Why the Senate Likely Won’t Pass Gun Bills on Terror Watch Lists


Nicholas Johnson was quoted in a Christian Science Monitor article about efforts to pass legislation that would restrict gun access to those on terrorist watch lists.

Sen. Diane Feinstein (D) of California has proposed legislation that would give the Justice Department, specifically the US Attorney General, the power to prevent suspected terrorists from buying weapons, whether or not their names appeared on the government’s official lists, as Politico reported. A proposal from Sen. John Cornyn (R) of Texas, meanwhile, takes the issue to the judiciary, giving a judge three days after the attempted sale to prove there was probable cause to deny the sale.

Nicholas Johnson, a professor at the Fordham University School of Law in New York, tells The Christian Science Monitor that the argument signifies a shift in thought from both sides of the aisle. In debates about NSA surveillance and the USA PATRIOT Act, Republicans had been arguing for widening executive branch discretion, while Democrats had been requesting judicial involvement.

“Things are a little flipped here, where you have the Democrats in this context making what would be a Republican argument, and the Republicans saying no, you can’t give law enforcement this kind of discretion, you need to have a judge make this kind of determination,” he says.

Professor Johnson says it is clear why legislators would want to use the terror watch lists to keep guns away from those listed.
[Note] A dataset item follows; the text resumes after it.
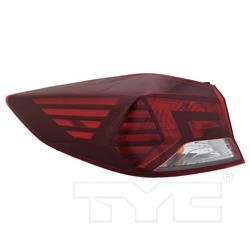 TYC Taillights for 2019-2020 ELANTRA - 11-9164-00-9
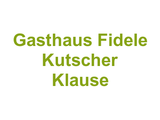 Gasthaus Fidele Kutscher Klause Logo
From a civil liberties standpoint, however, using the lists to deny Second Amendment rights could be problematic.

“The terror watch list and the no-fly list are some sort of secretive process that you really can’t do much about … and I guess necessarily so, since there are secret evaluations that go on to put people on it or take people off it,” he said.

Since people on the watch lists haven’t been arrested or accused of anything, Johnson argues, using the list to deny people firearms could subvert due process.

“You are essentially treating people the same way you would treat someone who’s actually convicted of crime,” he said.